Sejarah umat manusia, secara umum dapat dibagi dalam dua priode uatama:
'sebelum penemuan tulis-baca' dan 'priode sesudahnya' sekitar lima ribu tahun
yang lalu. Dengan ditemukannya tulis-baca, peradaban manusia tidaklah merambah
jalan dan merangkak-rangkak, tetapi mereka telah berhasil melahirkan tidak
kurang dari 27 peradaban dari peradaban Sumaris sampai peradaban Amerika masa
kini. Peradaban yang datang mempelajari peradaban yang lalu dari apa yang
ditulis oleh generasi yang lalu dan dapat dibaca oleh generasi yang kemudian.
Manusia tidak lagi memulai dari titik nol, berkat kemampuan tulis-baca itu.
Kejayaan peradaban romawi, peradaban Islam, peradaban Eropa saat ini tentunya
semua dibangun dari tradisi membaca dan menulis. Beribu-ribu karya intelektual
serta penemuan-penemuan yang original yang muncul pada zamannya. Intelektual
bukanlah komunitas manusia yang hanya bergelut dengan tulis menulis, tetapi
lewat berbagai macam eksperimentasi sehingga melahirkan suatu teori baru,
begitu seterusnya hingga kini.
Tugas sebagai 'Abd lillah dan khalifatullah fi al-ardh yang diemban oleh
makhluk manusia adalah merupakan konsekuensi dari potensi keilmuan yang
dianugerahkan Allah kepada manusia, sekaligus sebagai persyaratan mutlak bagi
kesempurnaan pelaksanaan kedua tugas tersebut. Dengan ilmu yang diajarkan oleh
Allah kepada (Adam) manusia, ia memiliki kelebihan dari malaikat, yangtadinya
meragukan kemampuan manusia untuk membangun peradaban. Dan dengan ibadah yang
didasari oleh ilmu yang benar, maka manusia menduduki tempat terhormat, sejajar
bahkan dapat melebihi kedudukan umumnya malaikat. Ilmu, baik yang kasby
(acquired knowledge) maupun yang ladunny (abadi, perennial), tidak dapat
dicapai tanpa terlebih dahulu melakukan qira'at - bacaan dalam arti yang luas.
Kekhalifahan menuntut hubungan antara manusia dengan manusia yang lainnya,
dengan alam serta hubungan dengan Allah. Kekhalifahan menuntut juga kearifan.
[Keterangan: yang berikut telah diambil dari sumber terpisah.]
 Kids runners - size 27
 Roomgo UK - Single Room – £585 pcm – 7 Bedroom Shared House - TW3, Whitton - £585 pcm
Karena, dalam kaitannya dengan alam, kekhalifahan mengharuskan adanya bimbingan
terhadap makhluk agar mampu mencapai tujuan penciptaannya. Untuk maksud
tersebut, diperlukan pengenalan terhadap alam raya. Pengenalan itu tidak akan
dapat tercapai kalau tanpa usaha qira'at (membaca, menelaah, mengkaji, dan
sebagainya).
Demikianlah, Iqra' merupakan syarat pertama dan utama bagi keberhasilan
manusia. Berdasarkan hal tersebut, tidaklah menghairankan jika ia menjadi
tuntunan pertama yang diberikan oleh Allah swt. kepada manusia.